RAF Akrotiri (Royal Air Force) Despite Britain’s membership in NATO, RAF Akrotiri is not actually a NATO base. Akriotiri is one of two Sovereign Base Areas retained by Britain when Cyprus was granted independence in 1960 and is British Overseas Territory. It was constructed in the 1950s and used in the Suez Crisis. In the 1970s it operated U-2 aircraft and the USAF’s 100th Strategic reconnaissance Wing, while the RAF home-based Lightning interceptors and nuclear-capable Vulcan and Canberra bombers there. RAF Akrotiri remains a FOB for the U-2, but the RAF’s sole permanent squadron is No. 84 Squadron, flying rescue helicopters. The base also is the winter training location for the Red Arrows demonstration team. The facility was used for support aircraft in Odyssey Dawn and has hosted both Typhoon and Tornado fighters. A six-aircraft Tornado detachment with E-3D and tanker support is permanently deployed to the facility in support of Inherent Resolv. The base has a single long runway with several large hardstand areas and two munitions storage facilities. It has hangars suitable for large aircraft but no hardened shelters. RAF Akrotiri is a viable alternative to Incirlik should host government constraints in Turkey prevent use of the facility.

Completing the Arc

GBU-12s ready for loading at RAF Akrotiri. U.K. Royal Air Force Photo

GBU-12s ready for loading at RAF Akrotiri. U.K. Royal Air Force Photo

The arc is incomplete. Airbases at Djbouti, the Persian Gulf and Turkey have supported a quarter-century of continuous operations in and around the Arabian Peninsula, Somalia and Afghanistan. The Mediterranean portion of the arc would have to be filled in, but it would require no new facilities to do so. Rota, Sigonella, Akrotiri and Souda Bay already host U.S. units, including permanent detachments of reconnaissance and patrol aircraft at Akrotiri and Signonella. Operations over Libya not only demonstrated the need for a basing arc to cover North Africa, but also demonstrated that the facilities to do it were already in place. Excepting Rota, all of the Mediterranean bases launched combat or combat support missions. Akrotiri offers a unique position in that it is independent of NATO entirely, requiring only cooperation from London.

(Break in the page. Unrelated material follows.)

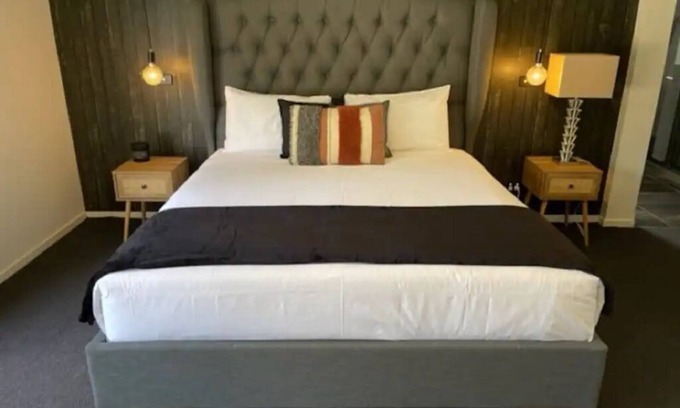 Bannockburn Maison | Modern New Beautiful House Near Geelong Sleeps 6-8 Adults and 5 Kids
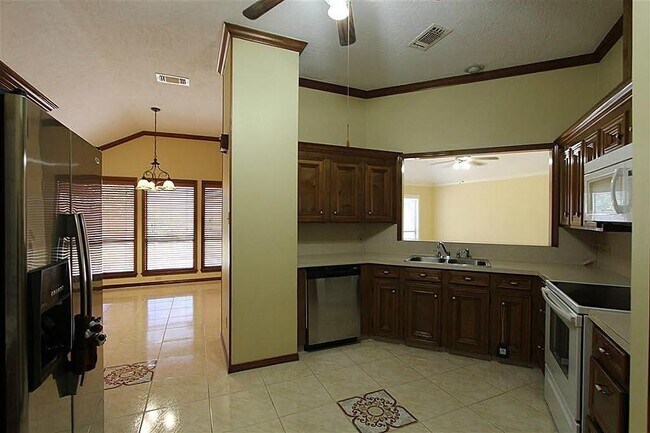 Building Photo - 16435 Dunmoor Dr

The reestablishment of a permanent overseas basing structure intended to support air operations around the Mediterranean could enhance the ability to use airpower to support security operations in North Africa and the Middle East. The investment required to re-establish a permanent flying presence at these airfields is relatively inexpensive compared to the establishment of new facilities where none now exist. NATO’s existing infrastructure provides an umbrella of support and protection that is found nowhere else outside the United States’ own territory. Indeed, the bases along the Arc of Stability could well offset the Navy’s declining fleet of aircraft carriers by obviating the need for a permanent carrier presence in the Mediterranean. The Long War is indeed an enduring endeavor, and the United States would be well-served to shift some investment into establishing a robust, permanent airpower presence in the Mediterranean.